[Exercise description]: Please write out all of the entries exactly as they appear.

[Excerpted data]:

+--

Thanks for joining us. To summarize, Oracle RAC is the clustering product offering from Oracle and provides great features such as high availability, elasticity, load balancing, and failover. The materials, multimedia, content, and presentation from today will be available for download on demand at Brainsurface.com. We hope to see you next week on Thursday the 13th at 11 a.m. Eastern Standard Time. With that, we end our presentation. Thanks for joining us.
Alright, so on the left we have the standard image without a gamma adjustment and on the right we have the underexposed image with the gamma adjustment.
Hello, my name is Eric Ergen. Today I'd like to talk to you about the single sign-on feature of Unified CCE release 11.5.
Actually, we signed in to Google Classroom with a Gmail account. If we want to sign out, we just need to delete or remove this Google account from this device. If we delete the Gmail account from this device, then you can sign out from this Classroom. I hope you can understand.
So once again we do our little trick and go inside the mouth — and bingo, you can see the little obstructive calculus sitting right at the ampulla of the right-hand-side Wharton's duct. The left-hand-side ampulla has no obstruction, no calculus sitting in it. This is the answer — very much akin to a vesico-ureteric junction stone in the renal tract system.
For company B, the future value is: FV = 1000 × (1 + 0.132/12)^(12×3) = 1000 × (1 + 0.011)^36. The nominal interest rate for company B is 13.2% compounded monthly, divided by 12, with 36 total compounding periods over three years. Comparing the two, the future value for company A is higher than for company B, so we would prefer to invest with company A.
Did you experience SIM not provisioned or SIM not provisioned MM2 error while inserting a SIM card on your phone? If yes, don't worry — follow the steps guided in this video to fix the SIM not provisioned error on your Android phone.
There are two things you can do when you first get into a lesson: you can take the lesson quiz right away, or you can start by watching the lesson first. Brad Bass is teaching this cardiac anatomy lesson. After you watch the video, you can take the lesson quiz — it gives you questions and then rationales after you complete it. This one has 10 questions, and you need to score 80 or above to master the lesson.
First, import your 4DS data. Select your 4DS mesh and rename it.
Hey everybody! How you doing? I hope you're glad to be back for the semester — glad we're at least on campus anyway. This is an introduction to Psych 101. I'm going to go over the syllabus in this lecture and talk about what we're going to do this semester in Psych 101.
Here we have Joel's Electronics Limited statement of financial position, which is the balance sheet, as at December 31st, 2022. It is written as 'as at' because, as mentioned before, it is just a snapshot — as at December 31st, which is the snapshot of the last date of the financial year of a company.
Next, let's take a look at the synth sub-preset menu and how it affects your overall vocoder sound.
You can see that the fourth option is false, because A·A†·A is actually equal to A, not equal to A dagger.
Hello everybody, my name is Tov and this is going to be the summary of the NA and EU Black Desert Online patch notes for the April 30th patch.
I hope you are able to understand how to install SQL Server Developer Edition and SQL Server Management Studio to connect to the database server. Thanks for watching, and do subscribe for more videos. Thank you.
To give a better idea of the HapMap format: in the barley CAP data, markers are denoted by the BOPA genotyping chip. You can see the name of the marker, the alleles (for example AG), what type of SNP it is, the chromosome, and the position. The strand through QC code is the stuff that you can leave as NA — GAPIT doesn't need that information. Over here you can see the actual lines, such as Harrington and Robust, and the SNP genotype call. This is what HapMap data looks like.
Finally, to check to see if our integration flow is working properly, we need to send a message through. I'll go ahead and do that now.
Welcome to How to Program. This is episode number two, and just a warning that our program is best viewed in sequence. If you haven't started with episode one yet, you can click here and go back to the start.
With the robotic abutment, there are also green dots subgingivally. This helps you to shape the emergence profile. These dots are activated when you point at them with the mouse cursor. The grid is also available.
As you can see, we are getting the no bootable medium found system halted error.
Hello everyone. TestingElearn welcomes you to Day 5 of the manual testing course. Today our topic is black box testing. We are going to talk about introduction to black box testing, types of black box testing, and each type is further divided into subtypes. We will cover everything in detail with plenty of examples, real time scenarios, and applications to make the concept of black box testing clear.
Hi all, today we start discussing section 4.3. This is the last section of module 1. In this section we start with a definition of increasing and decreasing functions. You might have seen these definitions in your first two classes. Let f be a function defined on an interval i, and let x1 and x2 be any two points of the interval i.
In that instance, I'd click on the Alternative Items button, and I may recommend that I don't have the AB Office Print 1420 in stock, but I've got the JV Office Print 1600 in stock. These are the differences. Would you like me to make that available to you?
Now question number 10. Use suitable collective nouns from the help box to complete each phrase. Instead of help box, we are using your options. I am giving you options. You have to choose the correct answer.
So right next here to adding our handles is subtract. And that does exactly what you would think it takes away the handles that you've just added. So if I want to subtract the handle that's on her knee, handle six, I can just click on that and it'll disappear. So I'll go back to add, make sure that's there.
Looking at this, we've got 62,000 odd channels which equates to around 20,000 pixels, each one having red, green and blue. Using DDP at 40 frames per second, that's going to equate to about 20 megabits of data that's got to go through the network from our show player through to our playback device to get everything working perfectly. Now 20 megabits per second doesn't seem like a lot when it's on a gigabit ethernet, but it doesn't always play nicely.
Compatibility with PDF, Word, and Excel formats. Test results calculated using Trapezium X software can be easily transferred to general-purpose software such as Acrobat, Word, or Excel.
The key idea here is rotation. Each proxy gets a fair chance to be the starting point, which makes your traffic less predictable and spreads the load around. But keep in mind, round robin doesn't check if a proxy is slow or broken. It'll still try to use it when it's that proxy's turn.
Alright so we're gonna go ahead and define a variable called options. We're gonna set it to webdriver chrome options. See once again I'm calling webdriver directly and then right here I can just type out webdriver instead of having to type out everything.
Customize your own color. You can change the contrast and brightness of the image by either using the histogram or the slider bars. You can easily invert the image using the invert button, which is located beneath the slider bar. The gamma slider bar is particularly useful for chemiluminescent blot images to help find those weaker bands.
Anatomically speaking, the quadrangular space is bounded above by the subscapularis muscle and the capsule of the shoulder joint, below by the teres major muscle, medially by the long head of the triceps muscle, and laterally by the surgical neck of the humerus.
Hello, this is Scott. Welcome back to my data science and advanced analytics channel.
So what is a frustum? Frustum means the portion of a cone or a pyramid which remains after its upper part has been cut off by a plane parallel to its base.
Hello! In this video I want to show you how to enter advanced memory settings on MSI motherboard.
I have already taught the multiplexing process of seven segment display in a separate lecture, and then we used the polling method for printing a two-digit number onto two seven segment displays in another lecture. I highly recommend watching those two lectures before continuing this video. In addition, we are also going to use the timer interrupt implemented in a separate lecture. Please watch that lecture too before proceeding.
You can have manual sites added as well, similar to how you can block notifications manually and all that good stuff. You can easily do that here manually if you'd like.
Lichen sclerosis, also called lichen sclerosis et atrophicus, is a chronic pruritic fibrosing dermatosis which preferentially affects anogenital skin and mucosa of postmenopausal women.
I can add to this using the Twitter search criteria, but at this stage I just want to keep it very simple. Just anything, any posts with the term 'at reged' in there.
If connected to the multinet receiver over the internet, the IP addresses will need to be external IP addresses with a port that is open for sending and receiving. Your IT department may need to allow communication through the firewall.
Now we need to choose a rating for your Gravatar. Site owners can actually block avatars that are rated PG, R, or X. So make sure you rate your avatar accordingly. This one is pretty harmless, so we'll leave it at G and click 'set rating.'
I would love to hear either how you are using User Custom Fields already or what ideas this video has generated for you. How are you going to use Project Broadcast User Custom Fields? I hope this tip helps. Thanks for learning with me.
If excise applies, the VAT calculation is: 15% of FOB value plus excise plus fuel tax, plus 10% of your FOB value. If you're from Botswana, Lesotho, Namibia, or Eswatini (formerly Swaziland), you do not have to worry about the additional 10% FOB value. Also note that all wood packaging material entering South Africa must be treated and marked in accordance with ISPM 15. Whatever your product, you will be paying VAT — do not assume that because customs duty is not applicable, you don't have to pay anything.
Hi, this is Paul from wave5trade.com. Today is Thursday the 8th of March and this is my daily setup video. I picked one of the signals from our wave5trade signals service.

+--

[Output for this exercise]:
Thanks for joining us. To summarize, Oracle RAC is the clustering product offering from Oracle and provides great features such as high availability, elasticity, load balancing, and failover. The materials, multimedia, content, and presentation from today will be available for download on demand at Brainsurface.com. We hope to see you next week on Thursday the 13th at 11 a.m. Eastern Standard Time. With that, we end our presentation. Thanks for joining us.
Alright, so on the left we have the standard image without a gamma adjustment and on the right we have the underexposed image with the gamma adjustment.
Hello, my name is Eric Ergen. Today I'd like to talk to you about the single sign-on feature of Unified CCE release 11.5.
Actually, we signed in to Google Classroom with a Gmail account. If we want to sign out, we just need to delete or remove this Google account from this device. If we delete the Gmail account from this device, then you can sign out from this Classroom. I hope you can understand.
So once again we do our little trick and go inside the mouth — and bingo, you can see the little obstructive calculus sitting right at the ampulla of the right-hand-side Wharton's duct. The left-hand-side ampulla has no obstruction, no calculus sitting in it. This is the answer — very much akin to a vesico-ureteric junction stone in the renal tract system.
For company B, the future value is: FV = 1000 × (1 + 0.132/12)^(12×3) = 1000 × (1 + 0.011)^36. The nominal interest rate for company B is 13.2% compounded monthly, divided by 12, with 36 total compounding periods over three years. Comparing the two, the future value for company A is higher than for company B, so we would prefer to invest with company A.
Did you experience SIM not provisioned or SIM not provisioned MM2 error while inserting a SIM card on your phone? If yes, don't worry — follow the steps guided in this video to fix the SIM not provisioned error on your Android phone.
There are two things you can do when you first get into a lesson: you can take the lesson quiz right away, or you can start by watching the lesson first. Brad Bass is teaching this cardiac anatomy lesson. After you watch the video, you can take the lesson quiz — it gives you questions and then rationales after you complete it. This one has 10 questions, and you need to score 80 or above to master the lesson.
First, import your 4DS data. Select your 4DS mesh and rename it.
Hey everybody! How you doing? I hope you're glad to be back for the semester — glad we're at least on campus anyway. This is an introduction to Psych 101. I'm going to go over the syllabus in this lecture and talk about what we're going to do this semester in Psych 101.
Here we have Joel's Electronics Limited statement of financial position, which is the balance sheet, as at December 31st, 2022. It is written as 'as at' because, as mentioned before, it is just a snapshot — as at December 31st, which is the snapshot of the last date of the financial year of a company.
Next, let's take a look at the synth sub-preset menu and how it affects your overall vocoder sound.
You can see that the fourth option is false, because A·A†·A is actually equal to A, not equal to A dagger.
Hello everybody, my name is Tov and this is going to be the summary of the NA and EU Black Desert Online patch notes for the April 30th patch.
I hope you are able to understand how to install SQL Server Developer Edition and SQL Server Management Studio to connect to the database server. Thanks for watching, and do subscribe for more videos. Thank you.
To give a better idea of the HapMap format: in the barley CAP data, markers are denoted by the BOPA genotyping chip. You can see the name of the marker, the alleles (for example AG), what type of SNP it is, the chromosome, and the position. The strand through QC code is the stuff that you can leave as NA — GAPIT doesn't need that information. Over here you can see the actual lines, such as Harrington and Robust, and the SNP genotype call. This is what HapMap data looks like.
Finally, to check to see if our integration flow is working properly, we need to send a message through. I'll go ahead and do that now.
Welcome to How to Program. This is episode number two, and just a warning that our program is best viewed in sequence. If you haven't started with episode one yet, you can click here and go back to the start.
With the robotic abutment, there are also green dots subgingivally. This helps you to shape the emergence profile. These dots are activated when you point at them with the mouse cursor. The grid is also available.
As you can see, we are getting the no bootable medium found system halted error.
Hello everyone. TestingElearn welcomes you to Day 5 of the manual testing course. Today our topic is black box testing. We are going to talk about introduction to black box testing, types of black box testing, and each type is further divided into subtypes. We will cover everything in detail with plenty of examples, real time scenarios, and applications to make the concept of black box testing clear.
Hi all, today we start discussing section 4.3. This is the last section of module 1. In this section we start with a definition of increasing and decreasing functions. You might have seen these definitions in your first two classes. Let f be a function defined on an interval i, and let x1 and x2 be any two points of the interval i.
In that instance, I'd click on the Alternative Items button, and I may recommend that I don't have the AB Office Print 1420 in stock, but I've got the JV Office Print 1600 in stock. These are the differences. Would you like me to make that available to you?
Now question number 10. Use suitable collective nouns from the help box to complete each phrase. Instead of help box, we are using your options. I am giving you options. You have to choose the correct answer.
So right next here to adding our handles is subtract. And that does exactly what you would think it takes away the handles that you've just added. So if I want to subtract the handle that's on her knee, handle six, I can just click on that and it'll disappear. So I'll go back to add, make sure that's there.
Looking at this, we've got 62,000 odd channels which equates to around 20,000 pixels, each one having red, green and blue. Using DDP at 40 frames per second, that's going to equate to about 20 megabits of data that's got to go through the network from our show player through to our playback device to get everything working perfectly. Now 20 megabits per second doesn't seem like a lot when it's on a gigabit ethernet, but it doesn't always play nicely.
Compatibility with PDF, Word, and Excel formats. Test results calculated using Trapezium X software can be easily transferred to general-purpose software such as Acrobat, Word, or Excel.
The key idea here is rotation. Each proxy gets a fair chance to be the starting point, which makes your traffic less predictable and spreads the load around. But keep in mind, round robin doesn't check if a proxy is slow or broken. It'll still try to use it when it's that proxy's turn.
Alright so we're gonna go ahead and define a variable called options. We're gonna set it to webdriver chrome options. See once again I'm calling webdriver directly and then right here I can just type out webdriver instead of having to type out everything.
Customize your own color. You can change the contrast and brightness of the image by either using the histogram or the slider bars. You can easily invert the image using the invert button, which is located beneath the slider bar. The gamma slider bar is particularly useful for chemiluminescent blot images to help find those weaker bands.
Anatomically speaking, the quadrangular space is bounded above by the subscapularis muscle and the capsule of the shoulder joint, below by the teres major muscle, medially by the long head of the triceps muscle, and laterally by the surgical neck of the humerus.
Hello, this is Scott. Welcome back to my data science and advanced analytics channel.
So what is a frustum? Frustum means the portion of a cone or a pyramid which remains after its upper part has been cut off by a plane parallel to its base.
Hello! In this video I want to show you how to enter advanced memory settings on MSI motherboard.
I have already taught the multiplexing process of seven segment display in a separate lecture, and then we used the polling method for printing a two-digit number onto two seven segment displays in another lecture. I highly recommend watching those two lectures before continuing this video. In addition, we are also going to use the timer interrupt implemented in a separate lecture. Please watch that lecture too before proceeding.
You can have manual sites added as well, similar to how you can block notifications manually and all that good stuff. You can easily do that here manually if you'd like.
Lichen sclerosis, also called lichen sclerosis et atrophicus, is a chronic pruritic fibrosing dermatosis which preferentially affects anogenital skin and mucosa of postmenopausal women.
I can add to this using the Twitter search criteria, but at this stage I just want to keep it very simple. Just anything, any posts with the term 'at reged' in there.
If connected to the multinet receiver over the internet, the IP addresses will need to be external IP addresses with a port that is open for sending and receiving. Your IT department may need to allow communication through the firewall.
Now we need to choose a rating for your Gravatar. Site owners can actually block avatars that are rated PG, R, or X. So make sure you rate your avatar accordingly. This one is pretty harmless, so we'll leave it at G and click 'set rating.'
I would love to hear either how you are using User Custom Fields already or what ideas this video has generated for you. How are you going to use Project Broadcast User Custom Fields? I hope this tip helps. Thanks for learning with me.
If excise applies, the VAT calculation is: 15% of FOB value plus excise plus fuel tax, plus 10% of your FOB value. If you're from Botswana, Lesotho, Namibia, or Eswatini (formerly Swaziland), you do not have to worry about the additional 10% FOB value. Also note that all wood packaging material entering South Africa must be treated and marked in accordance with ISPM 15. Whatever your product, you will be paying VAT — do not assume that because customs duty is not applicable, you don't have to pay anything.
Hi, this is Paul from wave5trade.com. Today is Thursday the 8th of March and this is my daily setup video. I picked one of the signals from our wave5trade signals service.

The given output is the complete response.